Rádio Amizade

Estas não são playlists como antigamente, gravadas em cassetes saudosas, mas vêm com o mesmo amor e devoção dessas playlists de outrora
Estas não são playlists como antigamente, gravadas em cassetes saudosas, mas vêm com o mesmo amor e devoção dessas playlists de outrora
Uma playlist por Rui Gustavo
Uma playlist? Acho que não me enervava tanto desde o dia em que me estreei aos microfones da Radio Amizade, uma rádio pirata do Alto da Brandoa instalada num prédio clandestino de nove andares sem elevador. Na altura não me apercebi da ironia da situação mas pus na mesma a lição dos AC/DC: “It’s a Long Way to the Top If You Want Rock 'n' Roll”.
Apesar do prestígio evidente da rádio nós é que tínhamos de levar os discos - e na altura eu tinha dois: “Thriller”, de Michael Jackson, e “Three Imaginary Boys”, dos Cure.“Wanna Be Starting Something” ensinou-me a única frase que sei dizer em camaronês (mama se mama sa mama coo sa) e não sei porque é que 'Grinding Alt' é das minhas músicas preferidas do Robert Smith.
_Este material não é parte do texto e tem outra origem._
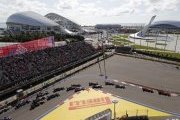 La zone asphaltée du virage 2 à Sotchi fait polémique, la FIA temporise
Mas é.
O meu pai emprestava uns discos lá de casa e andava na fase Pink Floyd. O alcance da antena limitava-se ao bairro da Brandoa e zonas limítrofes e não tive a reação que esperava à psicadélica “Astronomy Domine”. O único telefonema que recebi foi do diretor a queixar-se da minha pronúncia. Lá convenci o meu pai a comprar um disco dos Smiths e um dia Morrissey perguntou ao vasto auditório da Brandoa “What Difference Does it Make?”.
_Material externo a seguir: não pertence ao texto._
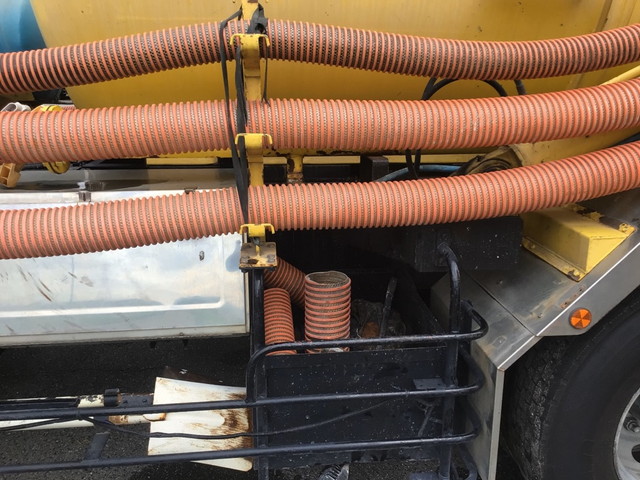 いすゞギガ汚泥吸引車大型（10t）[写真15]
O programa chamava-se Musicópolis e eu fazia-o a meias com o meu amigo Nelson. Eu passava música boa e ele outras coisas. Era fanático por New Order e aquela batida inicial do “Blue Monday” nunca mais me saiu da cabeça. Só depois de ouvir “At the Indie Disco”, deixei de a odiar.
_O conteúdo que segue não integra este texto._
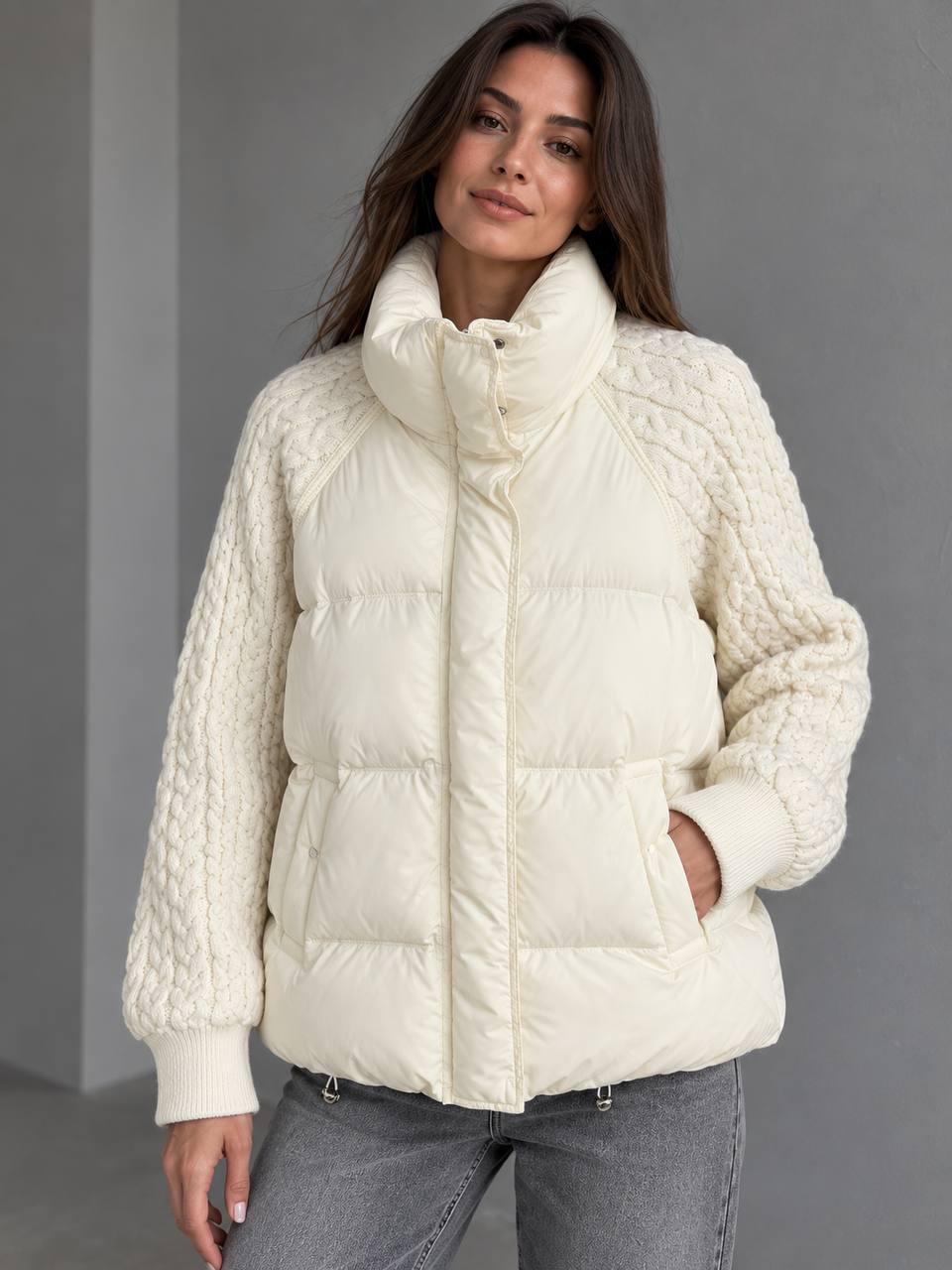Куртка женская YZY 30790 oversize с вязаными демисезонными рукавами OS Молочный (8071) Куртка женская YZY 30790 oversize с вязаными демисезонными рукавами OS Молочный (8071)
O bairro era simpático e um dia disseram-me que uns gajos esquisitos sempre vestidos de preto que andavam por lá eram os Moonspell e que haviam de conquistar o mundo. Não pude evitar um sorriso descrente mas poucos anos depois “Opium” passava em rádios a sério, a Amizade acabou e nunca mais ninguém quis saber do meu requintado gosto musical. Só o meu amor, “Maçã de Junho”. E ninguém deitou uma “Lacrimosa” por isso.